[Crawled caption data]
···

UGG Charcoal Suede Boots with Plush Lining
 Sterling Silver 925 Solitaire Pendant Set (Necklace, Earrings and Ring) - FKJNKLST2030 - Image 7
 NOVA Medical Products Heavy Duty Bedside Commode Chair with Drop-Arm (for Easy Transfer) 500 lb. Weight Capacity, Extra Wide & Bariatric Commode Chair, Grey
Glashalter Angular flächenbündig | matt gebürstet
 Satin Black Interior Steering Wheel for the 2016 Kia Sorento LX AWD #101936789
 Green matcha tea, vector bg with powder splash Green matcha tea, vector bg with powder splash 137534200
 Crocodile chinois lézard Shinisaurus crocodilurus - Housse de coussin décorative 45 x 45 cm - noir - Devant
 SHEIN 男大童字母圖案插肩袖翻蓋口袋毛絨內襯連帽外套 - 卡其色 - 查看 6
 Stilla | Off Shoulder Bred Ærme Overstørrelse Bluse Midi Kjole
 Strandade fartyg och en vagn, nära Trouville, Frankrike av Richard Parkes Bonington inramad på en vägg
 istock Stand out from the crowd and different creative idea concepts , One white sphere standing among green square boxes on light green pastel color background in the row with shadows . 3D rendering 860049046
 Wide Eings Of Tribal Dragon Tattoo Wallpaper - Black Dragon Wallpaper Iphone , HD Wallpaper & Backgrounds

···

[WHAT THE EXERCISE ASKS] Restate every record exactly, leaving nothing out.

[ANSWER TO THIS EXERCISE]
UGG Charcoal Suede Boots with Plush Lining
 Sterling Silver 925 Solitaire Pendant Set (Necklace, Earrings and Ring) - FKJNKLST2030 - Image 7
 NOVA Medical Products Heavy Duty Bedside Commode Chair with Drop-Arm (for Easy Transfer) 500 lb. Weight Capacity, Extra Wide & Bariatric Commode Chair, Grey
Glashalter Angular flächenbündig | matt gebürstet
 Satin Black Interior Steering Wheel for the 2016 Kia Sorento LX AWD #101936789
 Green matcha tea, vector bg with powder splash Green matcha tea, vector bg with powder splash 137534200
 Crocodile chinois lézard Shinisaurus crocodilurus - Housse de coussin décorative 45 x 45 cm - noir - Devant
 SHEIN 男大童字母圖案插肩袖翻蓋口袋毛絨內襯連帽外套 - 卡其色 - 查看 6
 Stilla | Off Shoulder Bred Ærme Overstørrelse Bluse Midi Kjole
 Strandade fartyg och en vagn, nära Trouville, Frankrike av Richard Parkes Bonington inramad på en vägg
 istock Stand out from the crowd and different creative idea concepts , One white sphere standing among green square boxes on light green pastel color background in the row with shadows . 3D rendering 860049046
 Wide Eings Of Tribal Dragon Tattoo Wallpaper - Black Dragon Wallpaper Iphone , HD Wallpaper & Backgrounds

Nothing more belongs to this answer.